Kisah Abdullah Hehamahua Dijuluki Taliban saat di KPK

Eks Penasehat KPK, Abdullah Hehamahua
Sumber :
  • VIVA.co.id/Bayu Nugraha

VIVA – Mantan Penasihat Komisi Pemberantasan Korupsi (KPK), Abdullah Hehamahua, angka bicara terkait tudingan adanya kubu 'Polisi India Vs Polisi Taliban' di internal Komisi Pemberantasan Korupsi (KPK).
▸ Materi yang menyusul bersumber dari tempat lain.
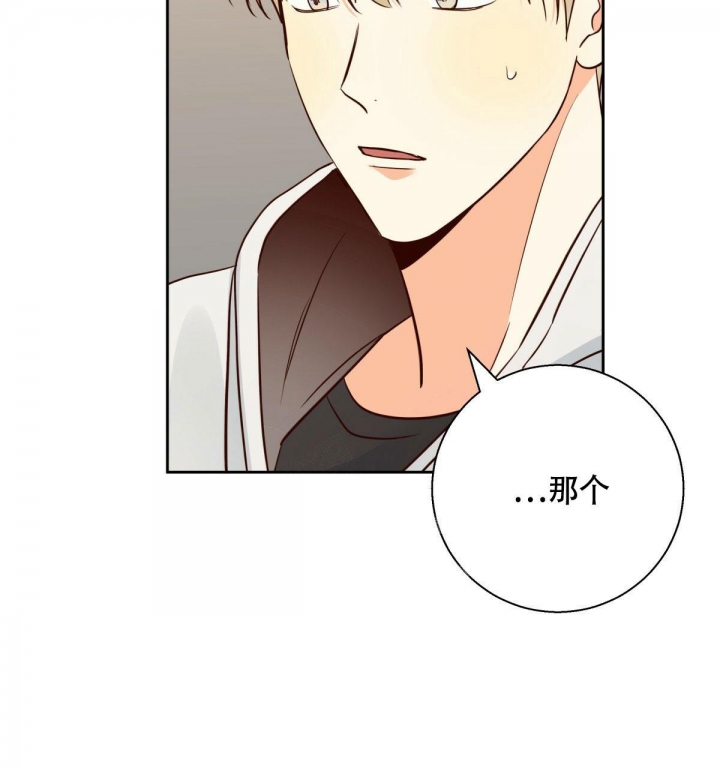 《危险的便利店(第I II季)》第143话 第49页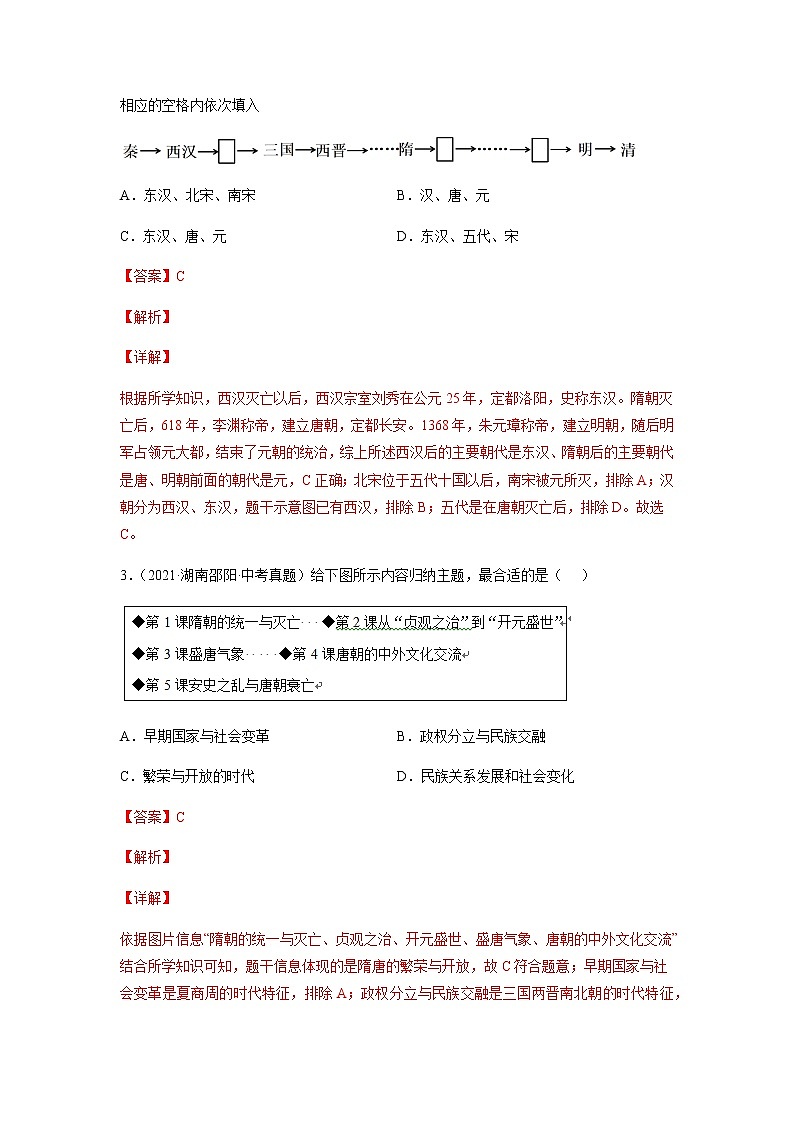 期末考试【真题重组卷1】（解析版）第2页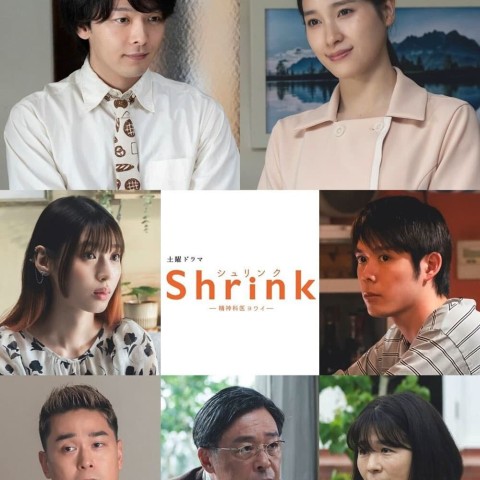 Shrink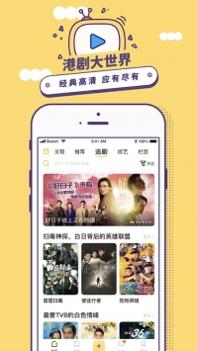 埋堆堆ios版截图0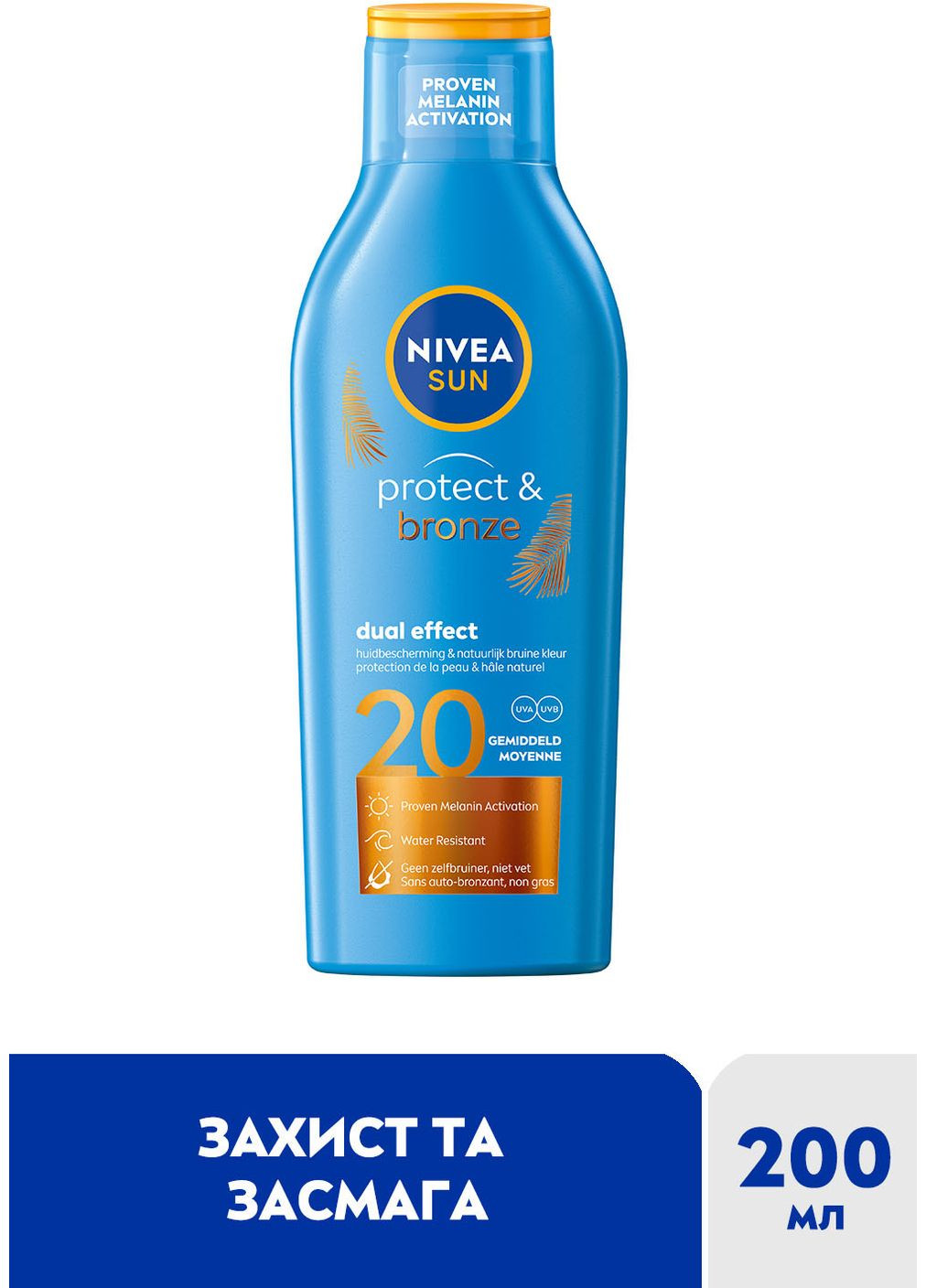 Сонцезахисний лосьйон Sun Захист та засмага SPF 20 200 мл Nivea 85824 (328397601)
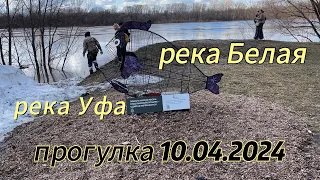 Разлив река Уфа, река Белая, 10 апреля 2024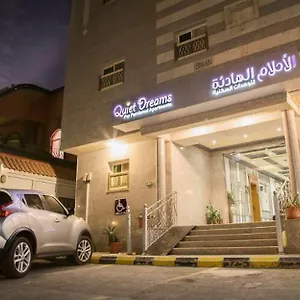 تحقق من التوفر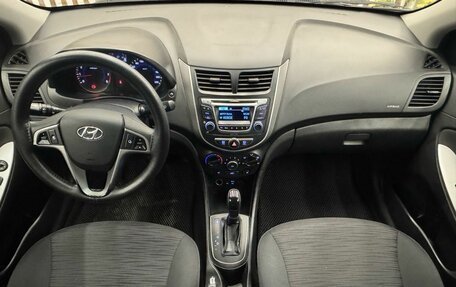 Hyundai Solaris II рестайлинг, 2016 год, 970 000 рублей, 8 фотография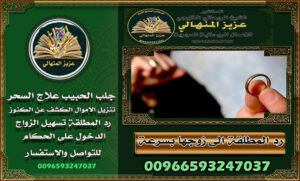شيخ روحاني سعودي جلب الحبيب ورد المطلقة واسرار جلب الزوج مع الطاعة00966593247037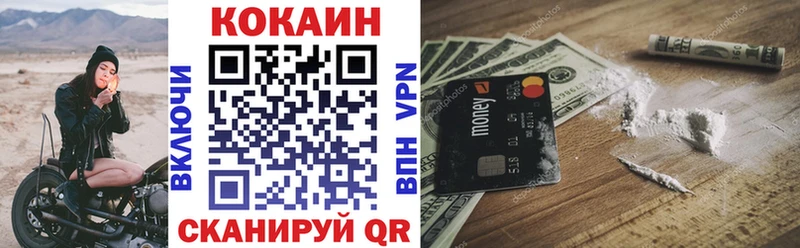COCAIN VHQ даркнет клад Карпинск что такое наркотик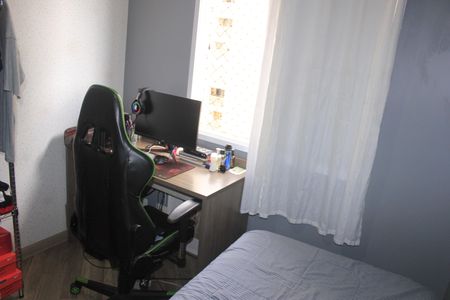 Apartamento à venda com 64m², 2 quartos e 1 vagaQuarto 3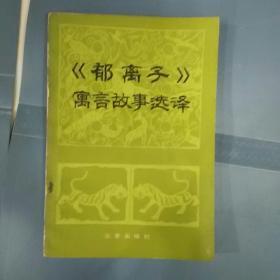 郁离子寓言故事选译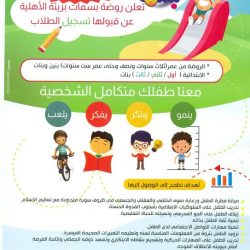 مواطن لـ”إخبارية طريف” : غياب اشتراطات السلامة في أحد الحدائق النسائية الخاصة بطريف كاد يودي بحياة ابنائي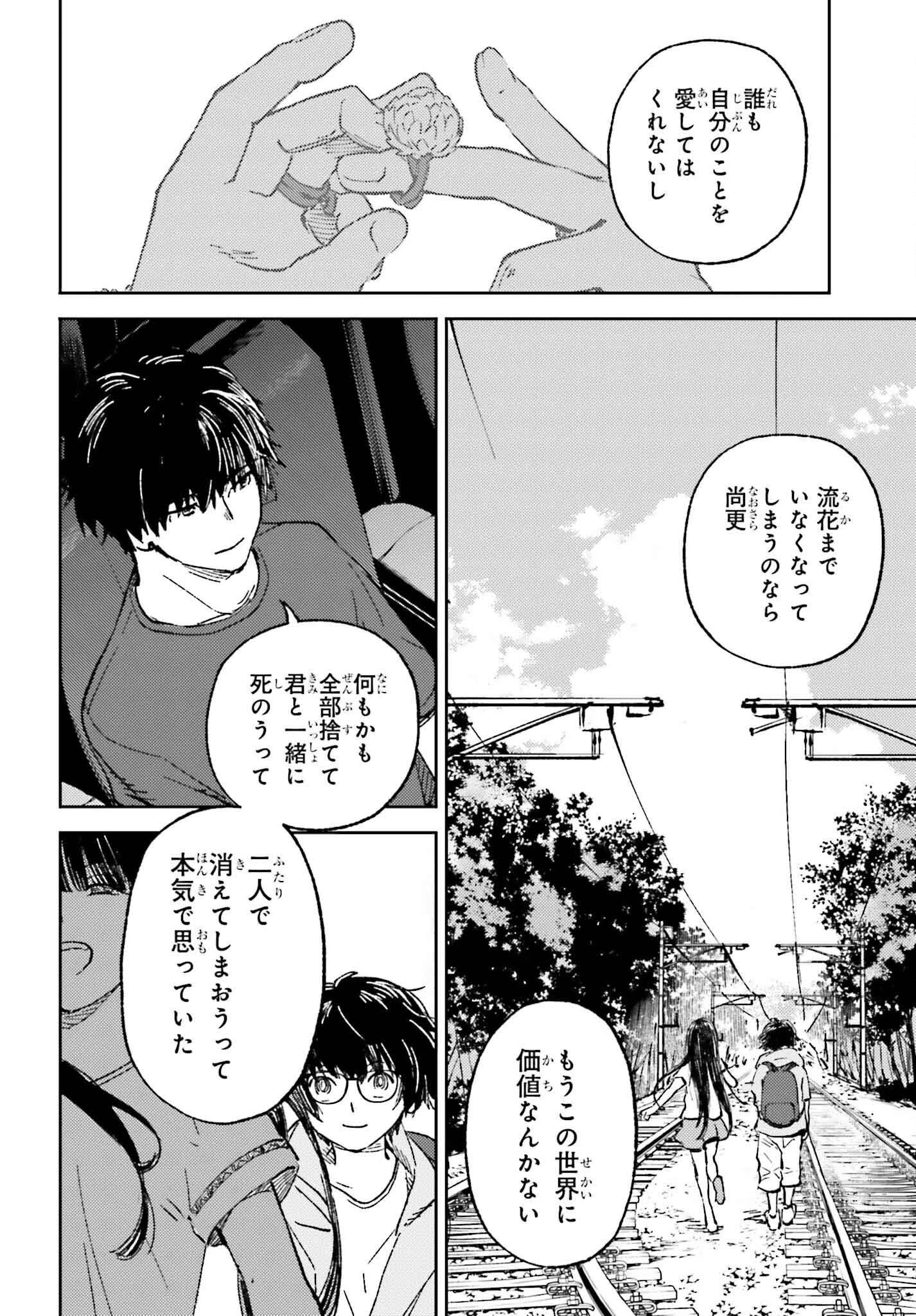 あの夏が飽和する 第27話 - 6
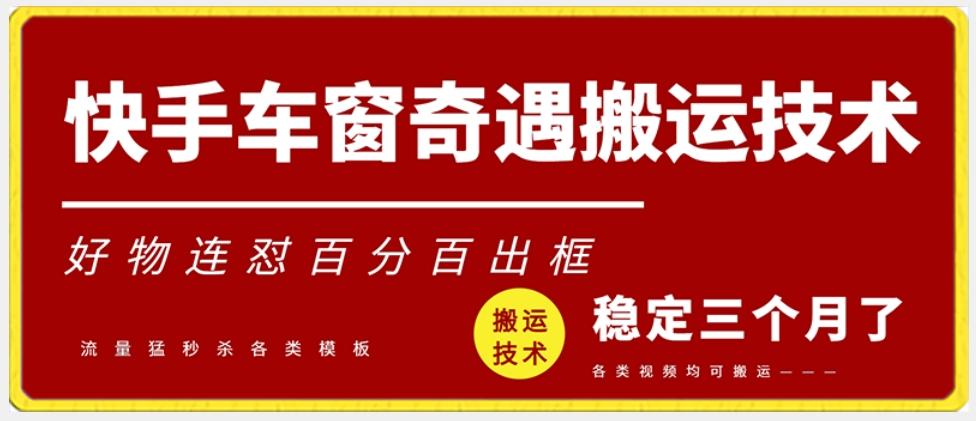 快手车窗奇遇搬运技术(安卓技术)，好物连怼百分百出框【揭秘】-rose网创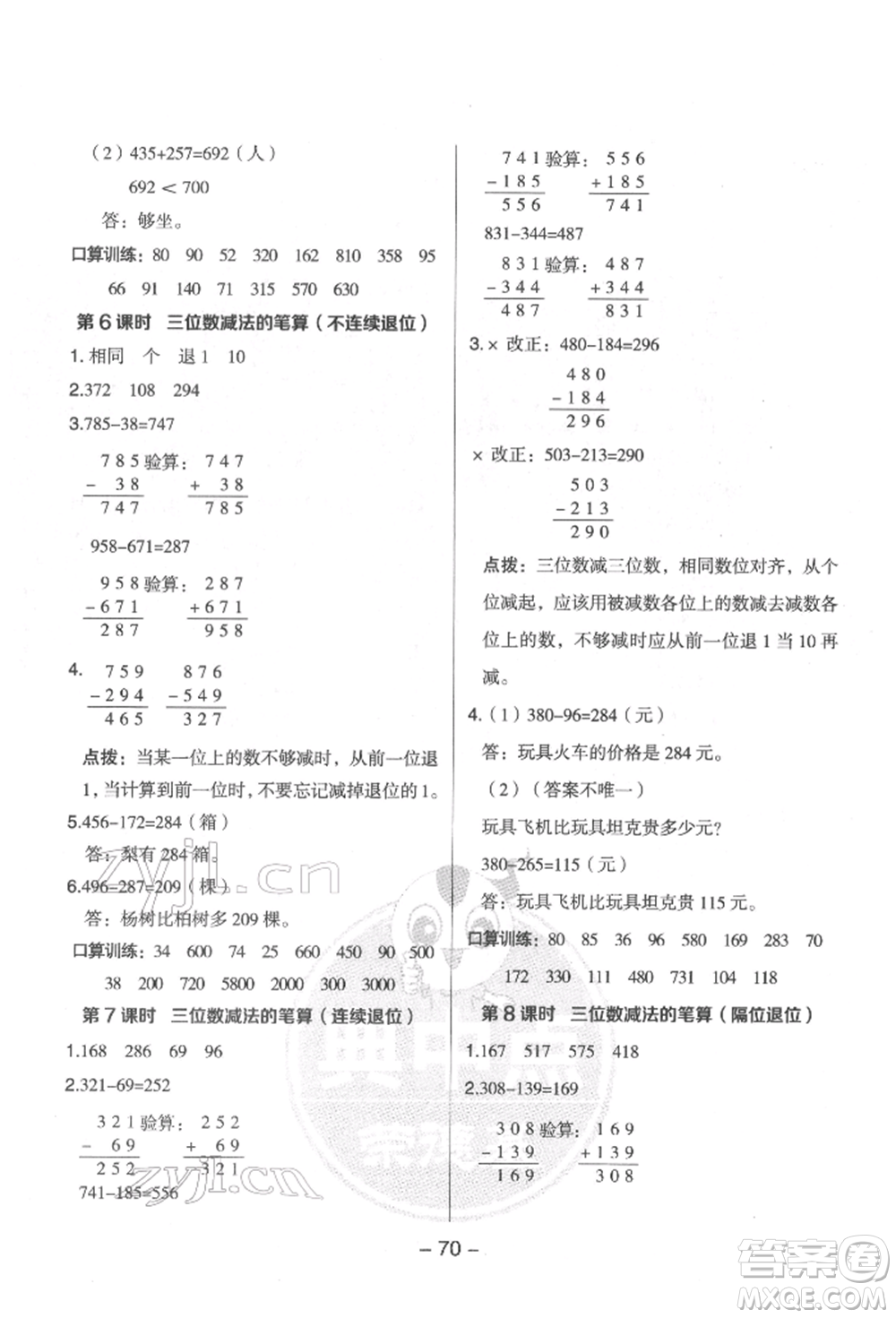 吉林教育出版社2022典中點(diǎn)綜合應(yīng)用創(chuàng)新題二年級數(shù)學(xué)下冊蘇教版參考答案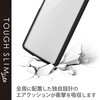 PM-X222TSLFCBK Xperia 10 IV (SO-52C/SOG07) ケース カバー ハイブリッド TPU ブラック エレコム 82763994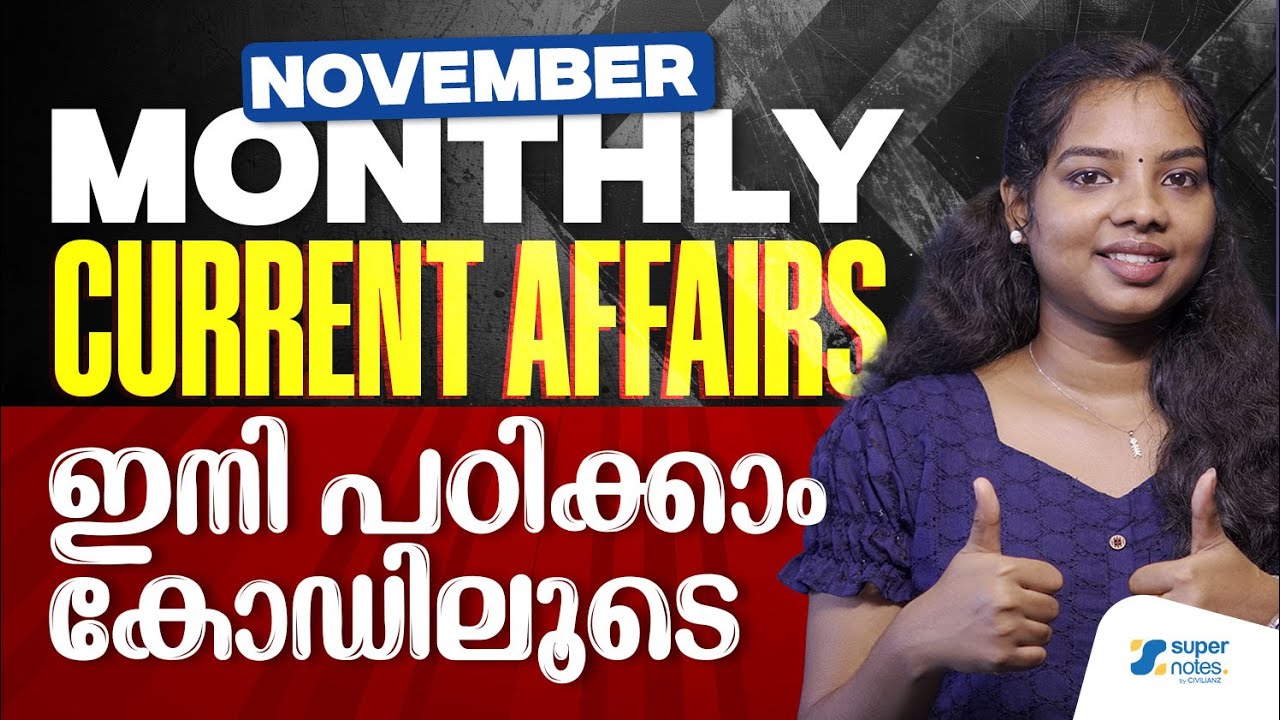 MONTHLY CURRENT AFFAIRS | NOVEMBER | ഇനി CODE ലൂടെ പഠിക്കാം | PSC | DEVASWOM EXAMS | SUPER NOTES PSC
Menurutnya, isu tersebut merupakan upaya menghancurkan KPK dari dalam dengan membuat friksi. 

Abdullah mengaku tidak tahu persis kapan istilah 'Taliban' muncul di kalangan internal KPK. Namun, soal sebutan Taliban itu, kata Abdullah, pernah terucap dari salah seorang delegasi Amerika Serikat saat melakukan kunjungan ke KPK beberapa tahun lalu. 

Abdullah yang aktif di KPK sebagai Penasihat selama tahun 2005-2013, pernah dijuluki Taliban oleh delegasi Amerika yang datang ke KPK waktu itu. Ia sendiri tak menganggap serius julukan itu, malah diamini saja.  

"Saya saat itu kan lagi S3, iya saya Taliban. Taliban itu kan bahasa Arab yang artinya mahasiswa. Kalau asbabul wurud-nya begitu, banyak pegawai KPK yang jadi Taliban, ya betul. Karena banyak yang sekolah lagi (waktu bekerja di KPK)," kata Abdullah di Jakarta, Senin, 16 September 2019. 

Tiba-tiba muncul tudingan yang mengaitkan nama Abdullah Hehamahua bersama sejumlah mantan pimpinan KPK jilid III yang dinilai sebagai tokoh-tokoh Taliban di KPK. Tuduhannya cukup serius, sebutan Taliban dikaitkan dengan gerakan radikalisme. 

Nama Abdullah Hehamahua dikaitkan dengan masa lalunya saat masih menjadi aktivis di era Orde Baru. Ia pernah diburu rezim saat itu karena menolak Pancasila sebagai asas tunggal, sampai kemudian dia hijrah ke Malaysia hingga Orde Baru tumbang. 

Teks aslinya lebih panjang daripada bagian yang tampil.